:: Problem description ::
Across the entries below, how many lines include "Collection"? Give the number and nothing else.

:: Provided data ::
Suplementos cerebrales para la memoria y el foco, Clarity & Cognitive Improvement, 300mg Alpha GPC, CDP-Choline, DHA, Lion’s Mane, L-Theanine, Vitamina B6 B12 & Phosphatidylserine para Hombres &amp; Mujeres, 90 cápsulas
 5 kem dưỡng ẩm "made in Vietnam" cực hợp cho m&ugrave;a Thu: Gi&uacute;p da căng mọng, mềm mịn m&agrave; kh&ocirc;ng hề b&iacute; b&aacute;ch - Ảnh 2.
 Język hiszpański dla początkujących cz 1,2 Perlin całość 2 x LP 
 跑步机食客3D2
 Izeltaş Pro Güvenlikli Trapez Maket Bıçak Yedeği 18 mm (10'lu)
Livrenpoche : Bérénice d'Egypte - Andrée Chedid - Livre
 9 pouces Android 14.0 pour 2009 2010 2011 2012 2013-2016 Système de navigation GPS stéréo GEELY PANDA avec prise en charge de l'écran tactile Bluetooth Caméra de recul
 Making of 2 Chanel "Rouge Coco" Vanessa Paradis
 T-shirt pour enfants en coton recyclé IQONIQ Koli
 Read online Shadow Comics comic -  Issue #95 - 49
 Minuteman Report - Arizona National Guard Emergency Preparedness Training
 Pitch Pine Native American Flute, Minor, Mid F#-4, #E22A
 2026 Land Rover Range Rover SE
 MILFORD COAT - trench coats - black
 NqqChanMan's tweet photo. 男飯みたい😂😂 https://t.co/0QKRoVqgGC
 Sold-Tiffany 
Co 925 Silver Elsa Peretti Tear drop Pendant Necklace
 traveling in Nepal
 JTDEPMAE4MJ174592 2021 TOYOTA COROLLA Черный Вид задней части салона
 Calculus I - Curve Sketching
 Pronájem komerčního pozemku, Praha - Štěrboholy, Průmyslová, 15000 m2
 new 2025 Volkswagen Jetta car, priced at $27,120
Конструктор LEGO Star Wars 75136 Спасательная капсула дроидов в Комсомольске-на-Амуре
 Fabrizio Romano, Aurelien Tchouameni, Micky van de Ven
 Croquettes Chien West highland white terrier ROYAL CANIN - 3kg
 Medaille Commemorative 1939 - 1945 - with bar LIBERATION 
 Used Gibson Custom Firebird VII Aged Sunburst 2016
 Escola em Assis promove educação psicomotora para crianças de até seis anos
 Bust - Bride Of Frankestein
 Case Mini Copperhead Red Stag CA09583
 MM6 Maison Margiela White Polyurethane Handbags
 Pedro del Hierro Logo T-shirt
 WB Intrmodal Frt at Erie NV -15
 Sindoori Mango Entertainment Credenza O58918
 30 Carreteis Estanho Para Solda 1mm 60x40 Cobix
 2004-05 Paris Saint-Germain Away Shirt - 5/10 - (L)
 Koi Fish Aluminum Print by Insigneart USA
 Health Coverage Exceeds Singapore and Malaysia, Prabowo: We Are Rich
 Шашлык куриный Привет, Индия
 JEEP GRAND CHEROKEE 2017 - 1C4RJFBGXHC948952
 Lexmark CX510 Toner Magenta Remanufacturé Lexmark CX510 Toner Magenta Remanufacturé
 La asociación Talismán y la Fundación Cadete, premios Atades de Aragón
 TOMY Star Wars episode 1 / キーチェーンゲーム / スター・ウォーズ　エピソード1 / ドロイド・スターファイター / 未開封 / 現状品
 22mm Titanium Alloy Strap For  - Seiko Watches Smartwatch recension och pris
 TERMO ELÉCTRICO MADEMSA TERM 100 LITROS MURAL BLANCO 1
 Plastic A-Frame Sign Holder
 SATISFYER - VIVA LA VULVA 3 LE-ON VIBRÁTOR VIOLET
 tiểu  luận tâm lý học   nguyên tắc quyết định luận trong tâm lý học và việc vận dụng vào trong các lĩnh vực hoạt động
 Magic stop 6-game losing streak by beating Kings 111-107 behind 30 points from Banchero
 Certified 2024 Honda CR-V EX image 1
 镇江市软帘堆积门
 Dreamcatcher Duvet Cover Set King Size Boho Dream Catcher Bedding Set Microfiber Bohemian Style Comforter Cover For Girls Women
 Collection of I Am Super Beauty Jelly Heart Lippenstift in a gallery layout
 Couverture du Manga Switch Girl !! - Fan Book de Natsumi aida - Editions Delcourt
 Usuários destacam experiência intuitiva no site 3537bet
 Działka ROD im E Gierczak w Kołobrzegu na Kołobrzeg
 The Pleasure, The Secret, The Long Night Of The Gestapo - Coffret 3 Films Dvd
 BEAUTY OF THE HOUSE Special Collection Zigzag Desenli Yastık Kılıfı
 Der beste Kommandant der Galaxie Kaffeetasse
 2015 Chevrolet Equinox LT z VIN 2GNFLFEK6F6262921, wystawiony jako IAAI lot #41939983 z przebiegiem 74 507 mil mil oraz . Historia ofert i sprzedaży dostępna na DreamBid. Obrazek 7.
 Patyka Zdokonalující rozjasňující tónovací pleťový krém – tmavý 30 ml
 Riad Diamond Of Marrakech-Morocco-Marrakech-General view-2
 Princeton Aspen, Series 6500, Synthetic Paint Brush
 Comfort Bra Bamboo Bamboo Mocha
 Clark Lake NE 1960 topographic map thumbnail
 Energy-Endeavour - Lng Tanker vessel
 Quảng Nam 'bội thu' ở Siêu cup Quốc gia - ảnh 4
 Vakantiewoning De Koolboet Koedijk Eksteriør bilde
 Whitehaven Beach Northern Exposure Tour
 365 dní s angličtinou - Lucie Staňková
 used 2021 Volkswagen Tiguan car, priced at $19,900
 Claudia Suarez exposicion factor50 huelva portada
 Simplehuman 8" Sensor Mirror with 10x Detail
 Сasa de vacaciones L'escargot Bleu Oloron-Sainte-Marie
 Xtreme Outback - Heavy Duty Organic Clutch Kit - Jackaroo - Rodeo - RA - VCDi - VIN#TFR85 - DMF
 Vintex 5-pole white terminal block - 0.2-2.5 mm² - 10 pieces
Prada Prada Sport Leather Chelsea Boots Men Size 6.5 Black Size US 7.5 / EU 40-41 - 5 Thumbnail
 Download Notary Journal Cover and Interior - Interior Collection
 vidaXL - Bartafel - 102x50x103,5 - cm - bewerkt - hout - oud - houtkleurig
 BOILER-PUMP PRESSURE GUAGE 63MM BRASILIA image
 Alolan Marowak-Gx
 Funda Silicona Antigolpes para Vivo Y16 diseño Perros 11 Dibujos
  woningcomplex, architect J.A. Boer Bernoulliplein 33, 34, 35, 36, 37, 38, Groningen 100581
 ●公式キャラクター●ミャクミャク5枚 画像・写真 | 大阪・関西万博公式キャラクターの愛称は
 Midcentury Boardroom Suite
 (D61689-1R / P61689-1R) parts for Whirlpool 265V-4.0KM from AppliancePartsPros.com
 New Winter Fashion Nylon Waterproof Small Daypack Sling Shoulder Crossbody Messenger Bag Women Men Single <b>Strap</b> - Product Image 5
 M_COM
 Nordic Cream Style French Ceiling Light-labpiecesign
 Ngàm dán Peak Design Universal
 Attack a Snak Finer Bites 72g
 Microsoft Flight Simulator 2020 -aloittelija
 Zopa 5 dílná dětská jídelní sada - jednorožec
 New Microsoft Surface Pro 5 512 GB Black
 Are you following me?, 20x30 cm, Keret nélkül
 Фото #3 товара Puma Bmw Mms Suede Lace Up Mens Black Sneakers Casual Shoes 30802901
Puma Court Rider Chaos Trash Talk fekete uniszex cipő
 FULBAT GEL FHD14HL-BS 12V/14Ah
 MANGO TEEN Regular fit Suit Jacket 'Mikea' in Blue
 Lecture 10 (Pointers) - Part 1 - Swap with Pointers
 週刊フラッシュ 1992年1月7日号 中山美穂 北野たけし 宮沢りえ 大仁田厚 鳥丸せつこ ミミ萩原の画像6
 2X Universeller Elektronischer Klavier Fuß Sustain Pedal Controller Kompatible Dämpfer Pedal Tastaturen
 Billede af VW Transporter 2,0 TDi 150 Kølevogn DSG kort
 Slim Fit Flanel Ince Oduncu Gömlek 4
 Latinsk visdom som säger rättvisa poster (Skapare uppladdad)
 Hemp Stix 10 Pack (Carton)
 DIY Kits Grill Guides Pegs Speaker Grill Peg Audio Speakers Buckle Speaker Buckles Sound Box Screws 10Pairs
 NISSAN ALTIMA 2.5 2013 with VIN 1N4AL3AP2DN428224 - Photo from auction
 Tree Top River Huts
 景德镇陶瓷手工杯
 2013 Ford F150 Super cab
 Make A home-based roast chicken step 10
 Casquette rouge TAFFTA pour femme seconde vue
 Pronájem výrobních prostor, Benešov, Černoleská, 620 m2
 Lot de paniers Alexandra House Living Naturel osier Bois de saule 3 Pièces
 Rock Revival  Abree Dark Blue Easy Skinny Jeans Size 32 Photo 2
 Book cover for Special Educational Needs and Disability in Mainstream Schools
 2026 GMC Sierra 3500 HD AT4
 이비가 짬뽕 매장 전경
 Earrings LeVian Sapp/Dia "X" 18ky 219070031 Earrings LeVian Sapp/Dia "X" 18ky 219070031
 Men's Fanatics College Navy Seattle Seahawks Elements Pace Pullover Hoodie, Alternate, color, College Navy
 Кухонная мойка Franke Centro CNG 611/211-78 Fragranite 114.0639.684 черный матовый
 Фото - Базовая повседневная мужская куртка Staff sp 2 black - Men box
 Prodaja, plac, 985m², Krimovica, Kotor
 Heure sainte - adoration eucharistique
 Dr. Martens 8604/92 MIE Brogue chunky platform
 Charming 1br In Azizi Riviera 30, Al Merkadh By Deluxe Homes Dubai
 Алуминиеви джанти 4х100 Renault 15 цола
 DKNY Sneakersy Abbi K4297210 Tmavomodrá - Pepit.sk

:: Task result ::
3